The optimal feature subset in the LR model was composed of four descriptors derived from the proposed feature representation learning system: DDE, AAC + TPC, CTriad (k = 4), and CKSAAP (k = 2). Feature importance analysis revealed that the features derived from the DDE descriptor contributed more significantly to the model than those from the other descriptors (Fig. 5B). Notably, analysis of the optimal feature subsets across the five machine learning models indicated that CKSAAP (k = 2) was included in the selected subsets of four models, namely LR, KNN, RF, and XGBoost (Fig. 5C). Additionally, the DDE descriptor was found to be a common component of the optimal feature subset in all classification models (Fig. 5D), highlighting its critical role in the identification of anti-aging peptides. The DDE descriptor characterizes sequence-level preferences by quantifying the deviation between observed and expected frequencies of dipeptides in peptide sequences, based on a reference background database. This allows for the identification of potential functional associations within the peptide sequence.

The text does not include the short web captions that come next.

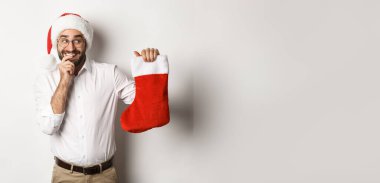 Mutlu Noeller, tatil konsepti. Yetişkin bir adam mutlu ve meraklı görünüyor, Noel Baba şapkası takıyor, beyaz bir geçmişi var, hediyeler alıyor..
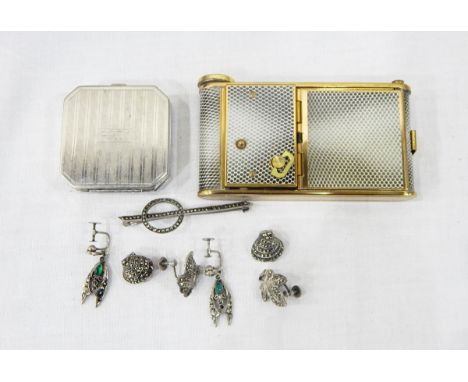 Combination musical compact with cigarette compartment, compact section and lipstick container, with gilt and snakeskin-effec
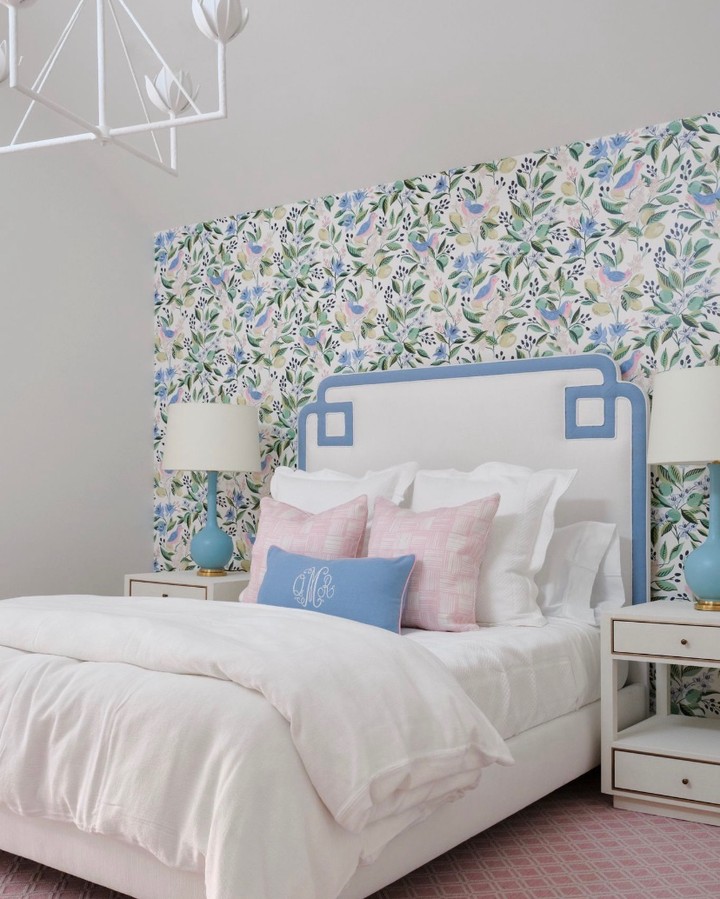 floral wallpaper, white and blue headboard, white linen in this guest room
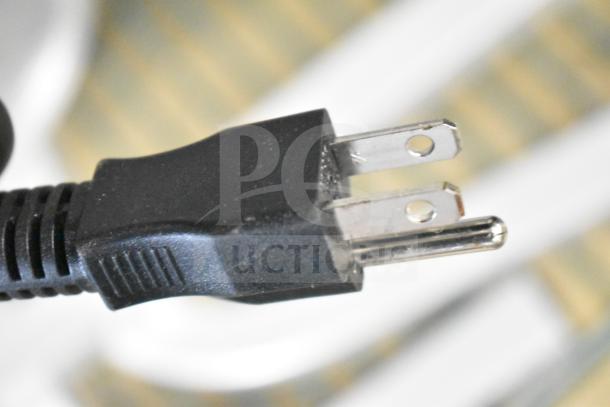 Close-up of a power plug for the ServIt 423BLS3 Heat Lamp, showing standard 120V, 1-phase plug, in new condition.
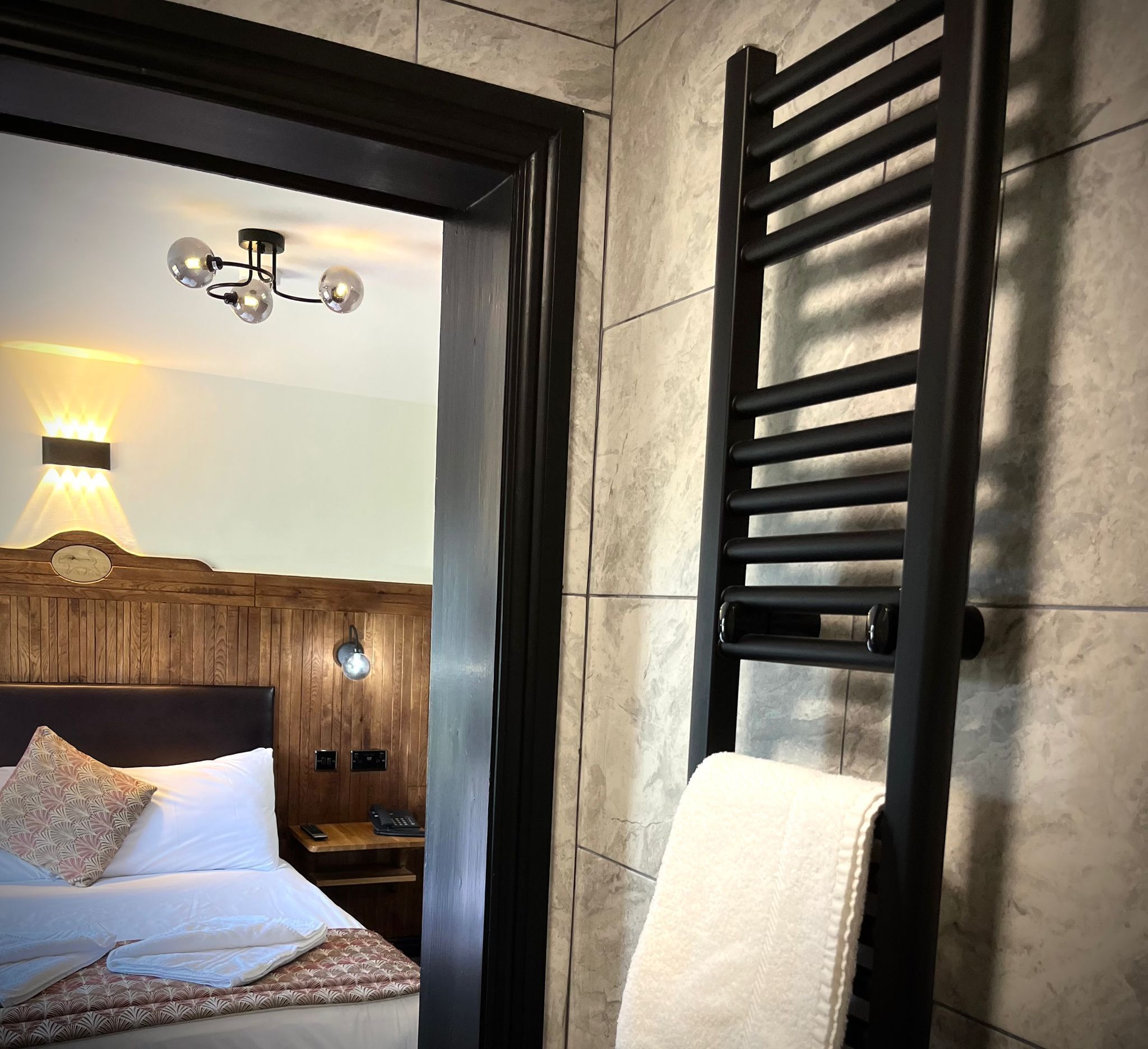 A hotel room with a bed, a bedside table, a lamp, and a towel rack.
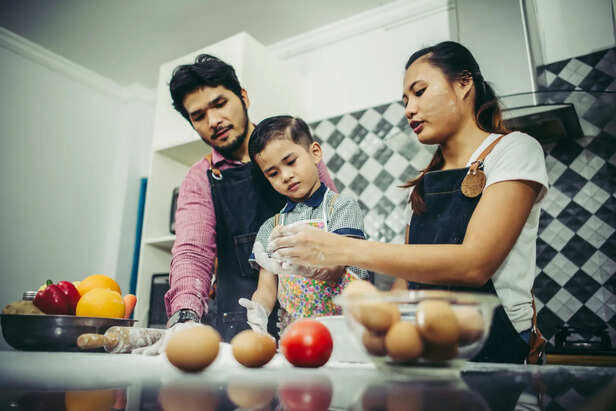 Indian Mother Cooking During Family Gathering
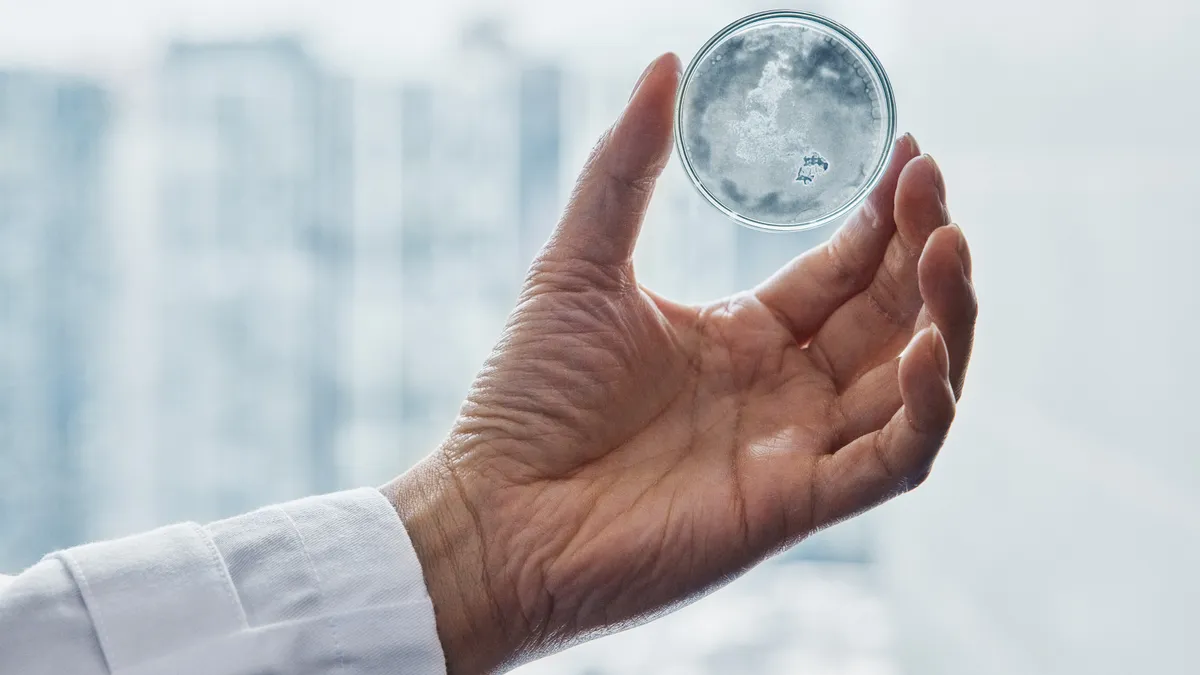 A hand in a white sleeve holds up a small sphere filled with water and microplastics against a blurred window.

Comparison of data augmentation results with different methods and proportions

Two data augmentation strategies were proposed to expand the dataset and mitigate the risk of model overfitting due to limited training data. The first strategy involved the use of a WGAN-GP model, a variant of the Generative Adversarial Network (GAN), which incorporates a gradient penalty to improve training stability and model performance [37, 38] (Fig. 6A). During training, after approximately 10,000 iterations, three key indicators, including Discriminator Loss, Generator Loss, and Wasserstein Distance, converged to near-zero values (negative for the discriminator, positive for the generator and Wasserstein distance), indicating that the model had reached a stable state (Fig. 6B). The augmented data were subsequently used to construct predictive model. The results showed that the Logistic Regression (LR), XGBoost, Multi-Layer Perceptron (MLP), and Random Forest (RF) models all achieved accuracies above 0.9, specifically 0.929, 0.946, 0.946, and 0.937, respectively (Fig. 6C). In terms of MCC, the values were 0.862 for LR, 0.898 for XGBoost, 0.895 for MLP, and 0.877 for RF. Compared to models trained without data augmentation, the average accuracy and MCC across the five models improved by 0.085 and 0.166, respectively. Among all models, XGBoost exhibited the most favorable overall performance based on a comprehensive comparison of sensitivity, specificity, accuracy, MCC, recall, and F1-score (Fig. 6D).

Fig. 6

Performance comparison of predictive models based on GAN-augmented data. A The overall architecture and training workflow of the Wasserstein GAN with Gradient Penalty (WGAN-GP). B Training loss curves of WGAN-GP, including the discriminator loss, generator loss, and the Wasserstein distance, which quantifies the divergence between the distribution of generated samples and that of real data. C Predictive models were constructed using GAN-augmented datasets. The performance of five machine learning algorithms was evaluated and compared based on metrics including sensitivity, specificity, accuracy, and Matthews correlation coefficient (MCC) (Additional file 1: Table S5). D Visualization of the XGBoost model, which achieved the best overall performance among the evaluated models (Additional file 1: Table S6)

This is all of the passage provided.